- [Your instructions] A word-for-word copy of all entries is required, without images.
(Listed records)
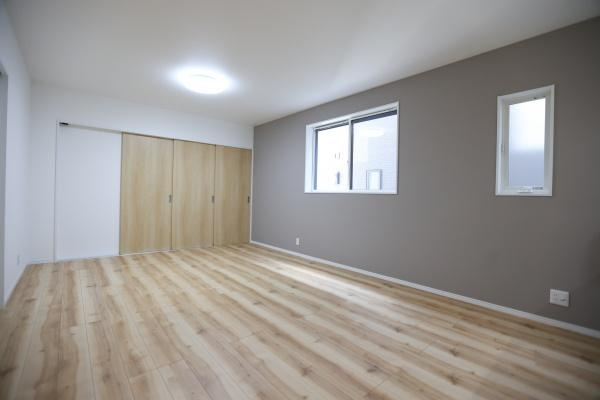 P-TELAS牧１丁目2号地の居間・リビング|リビングは明るい色合いのフローリングが印象的です。大きな窓から自然光が入りやすくなっています。壁の一部はアクセントカラーで落ち着いた雰囲気を感じられます。収納スペースも充実しています。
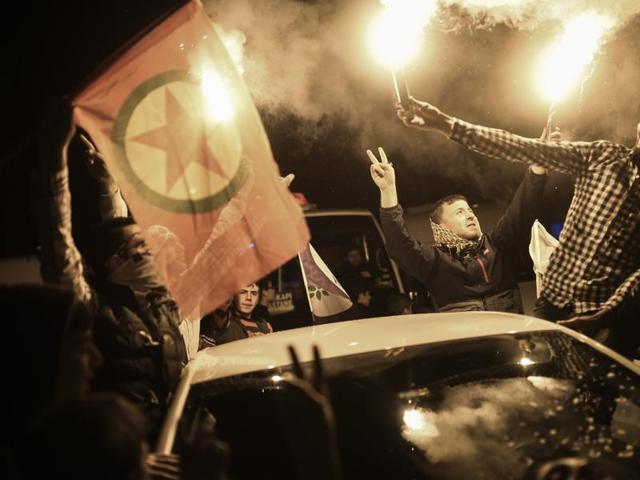 Supporters of Turkey's pro-Kurdish People's Democratic Party (HDP) celebrate in the southeastern city of Diyarbakir after polls closed on November 1, 2015. (AFP)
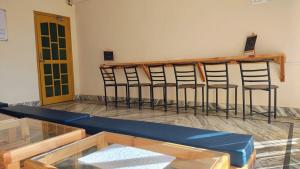 a row of bar stools in a room with a table at The Founder's Tribe in Bīr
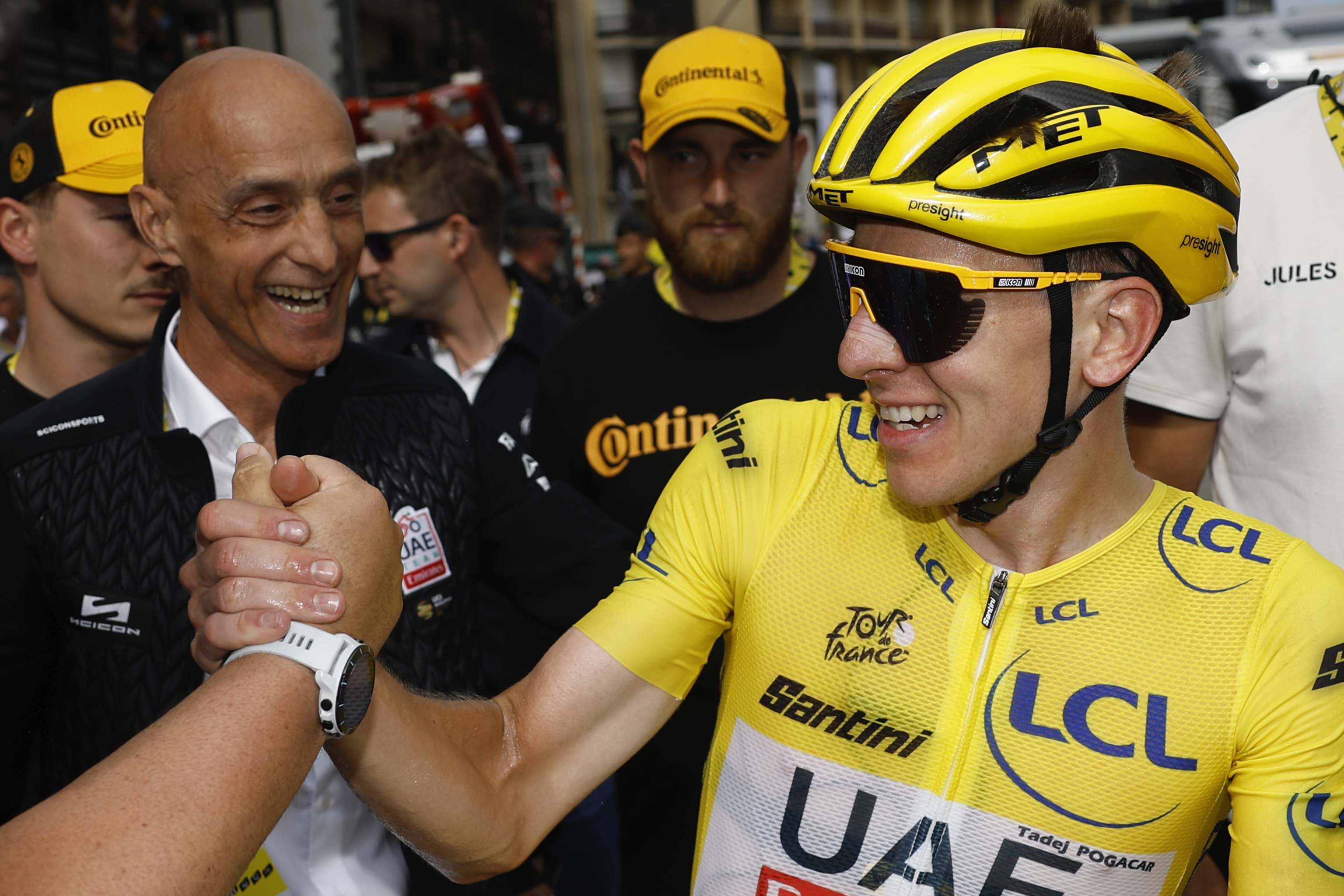 Tadej Pogacar, wearing the overall leader's yellow jersey, celebrates after crossing the finish line during the fourteenth stage of the Tour de France.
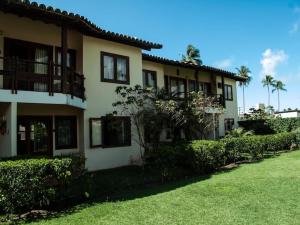 a building with a grass yard in front of it at Condomínio Vila Aurora in Porto Seguro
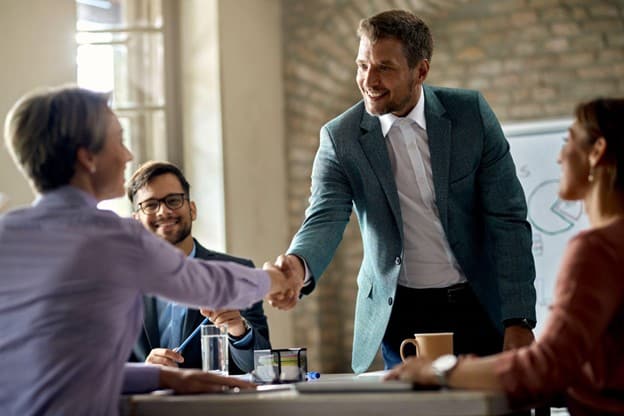 Two colleagues shake hands across a conference table while others look on with smiles in a bright office.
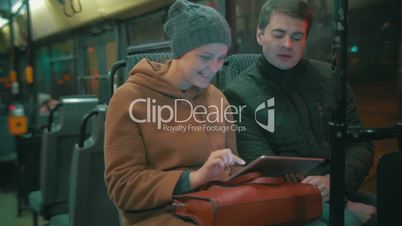 Young people using tablet computer in the bus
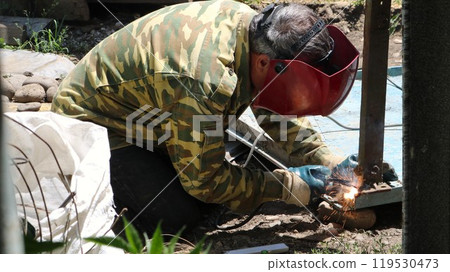 welder in red mask and green jacket works with welding tool in the process of joining two metal parts, household welding with electrodes, welding iron beams and surfaces 119530473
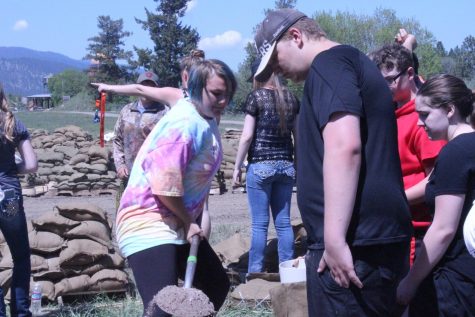 Student Nya fills up a sandbag as another watches, waiting to help.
(End Listed records)
- [Solution for this problem]
 P-TELAS牧１丁目2号地の居間・リビング|リビングは明るい色合いのフローリングが印象的です。大きな窓から自然光が入りやすくなっています。壁の一部はアクセントカラーで落ち着いた雰囲気を感じられます。収納スペースも充実しています。
 Supporters of Turkey's pro-Kurdish People's Democratic Party (HDP) celebrate in the southeastern city of Diyarbakir after polls closed on November 1, 2015. (AFP)
 a row of bar stools in a room with a table at The Founder's Tribe in Bīr
 Tadej Pogacar, wearing the overall leader's yellow jersey, celebrates after crossing the finish line during the fourteenth stage of the Tour de France.
 a building with a grass yard in front of it at Condomínio Vila Aurora in Porto Seguro
 Two colleagues shake hands across a conference table while others look on with smiles in a bright office.
 Young people using tablet computer in the bus
 welder in red mask and green jacket works with welding tool in the process of joining two metal parts, household welding with electrodes, welding iron beams and surfaces 119530473
 Student Nya fills up a sandbag as another watches, waiting to help.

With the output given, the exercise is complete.